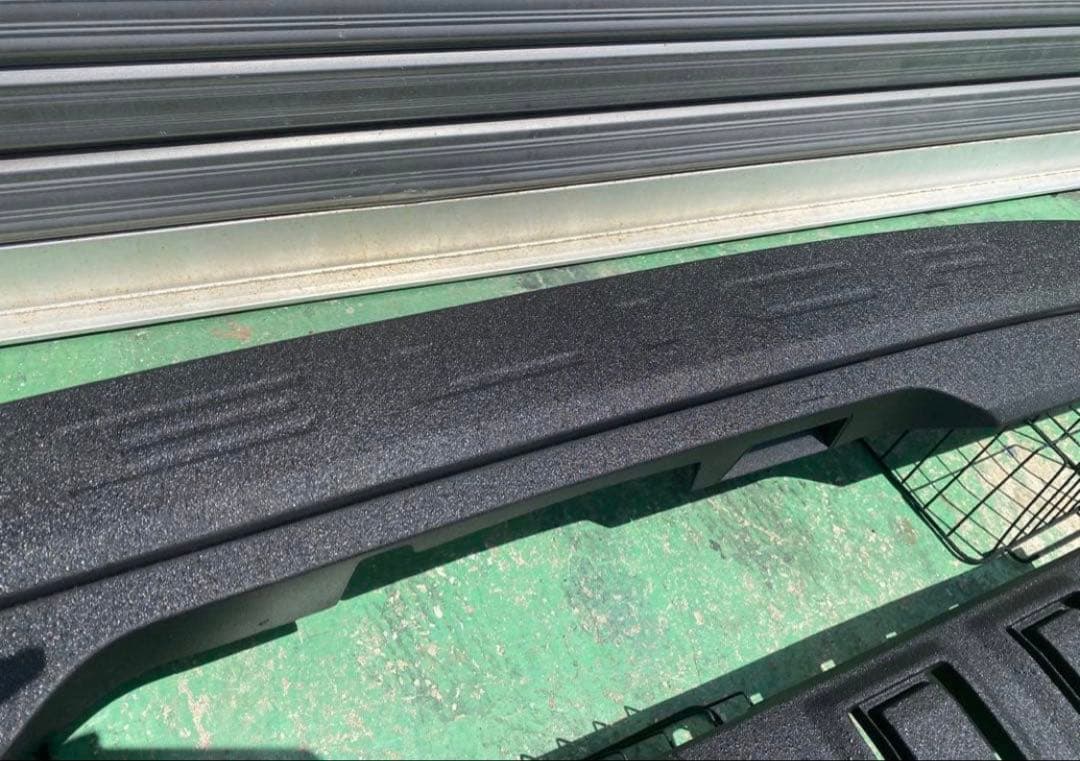 デリカミニ　ラプターライナー　グリル　カスタム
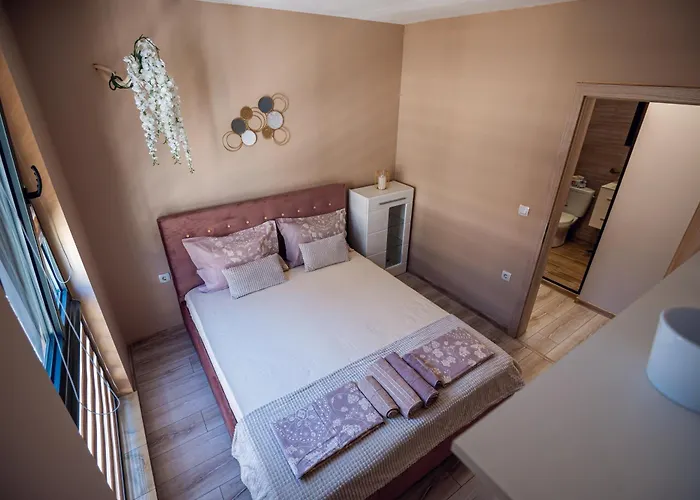 динати Apartamento *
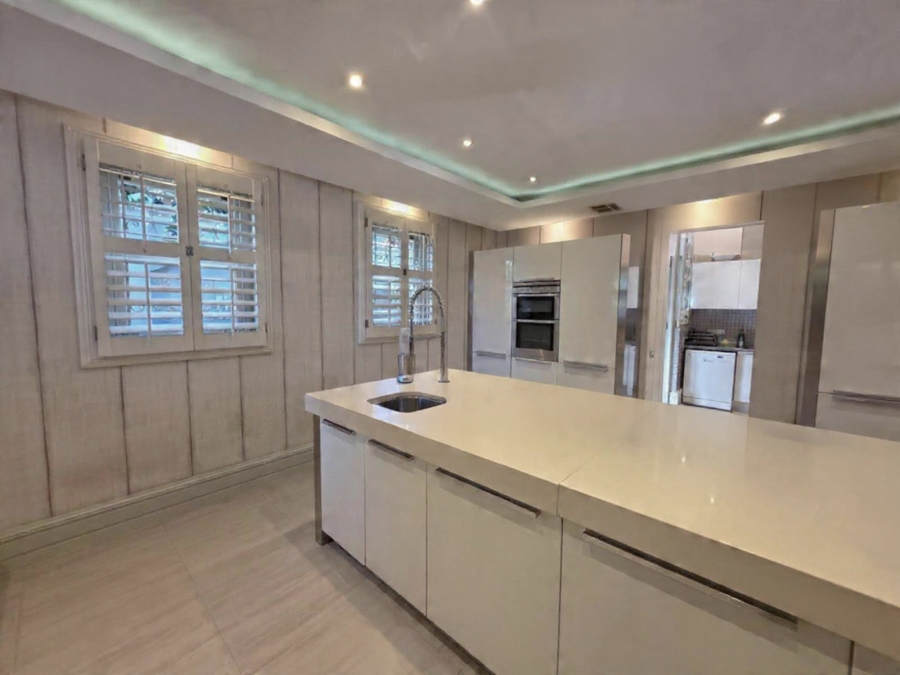 5 Bedroom Property for Sale in Umhlanga Ridge KwaZulu-Natal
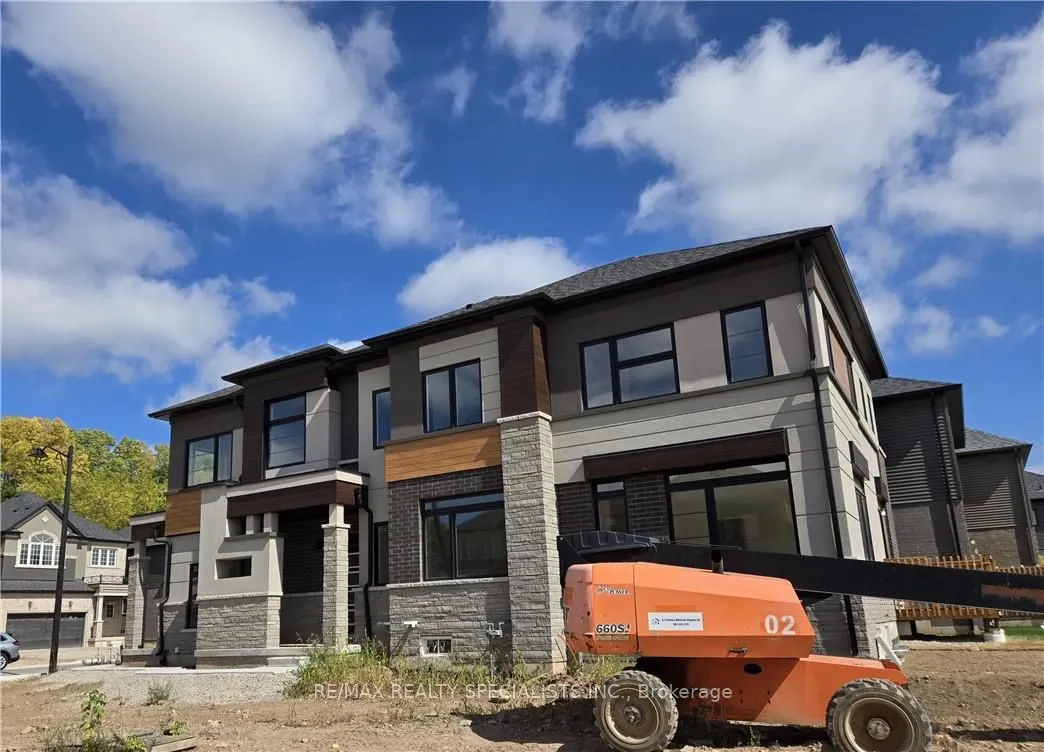 28 McKernan Avenue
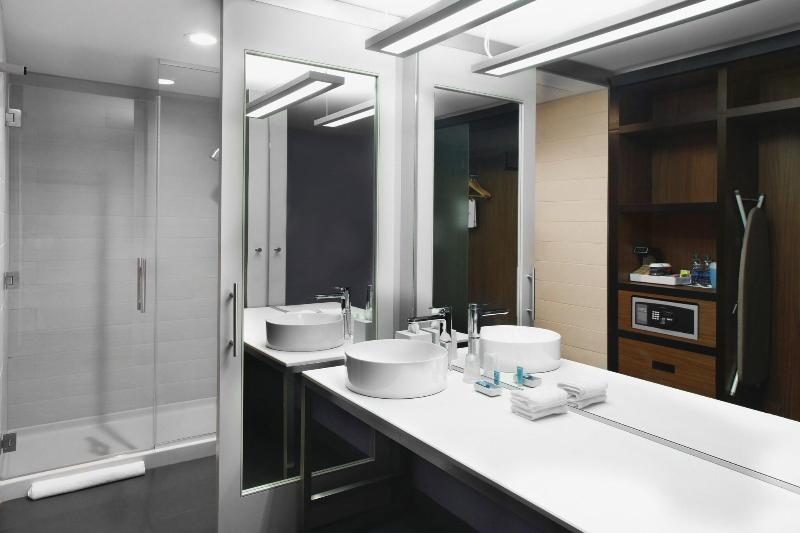 غرفة قياسية سرير كينج, Aloft Raleighdurham Airport Brier Creek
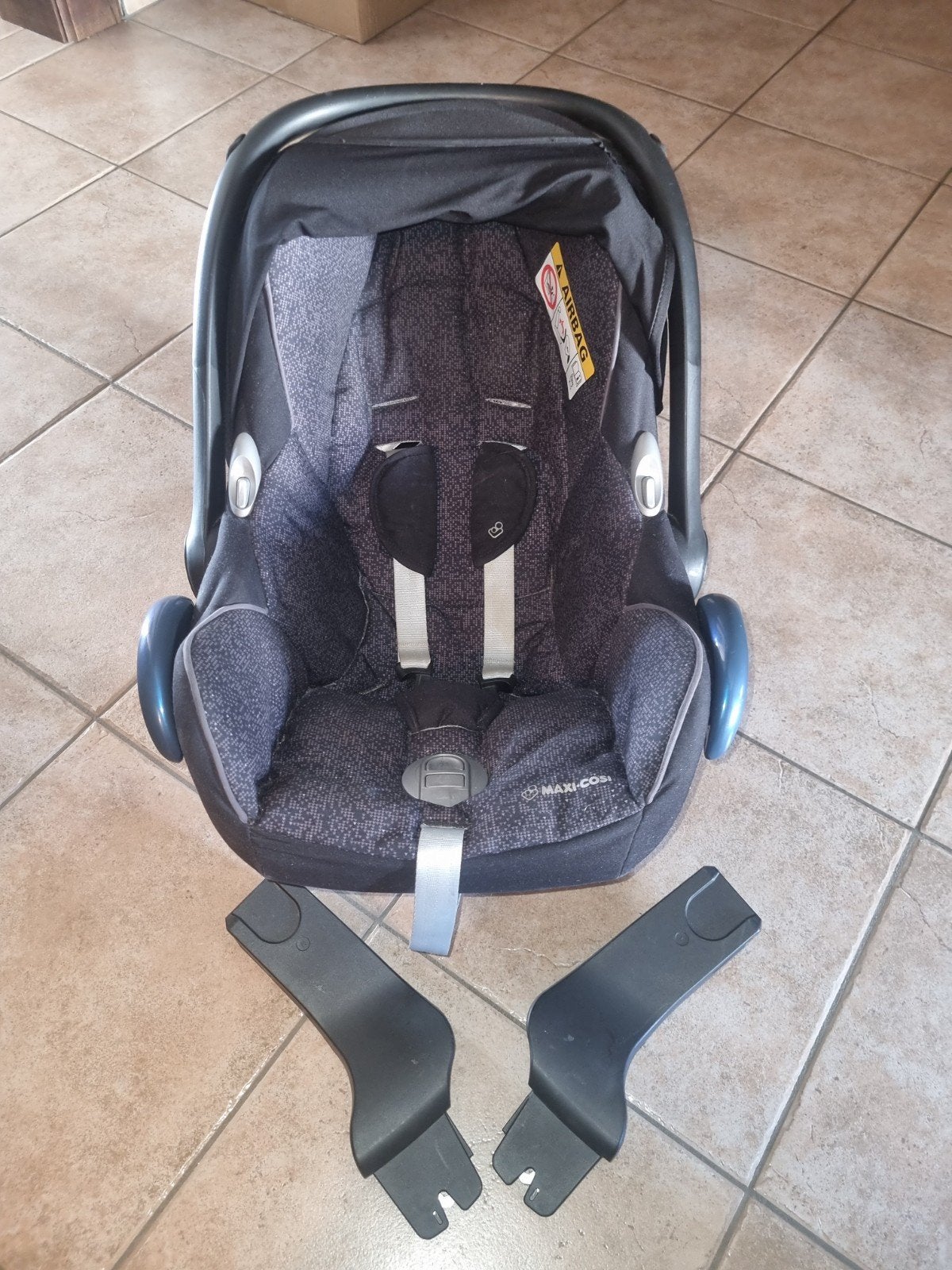 Maxicosi met adapters, Enlèvement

* Exercise details *
Will you repeat the material above, but only from the line containing "5 Bedroom Property" through its last line, exactly and without the pictures?

* Exercise response *
 5 Bedroom Property for Sale in Umhlanga Ridge KwaZulu-Natal
 28 McKernan Avenue
 غرفة قياسية سرير كينج, Aloft Raleighdurham Airport Brier Creek
 Maxicosi met adapters, Enlèvement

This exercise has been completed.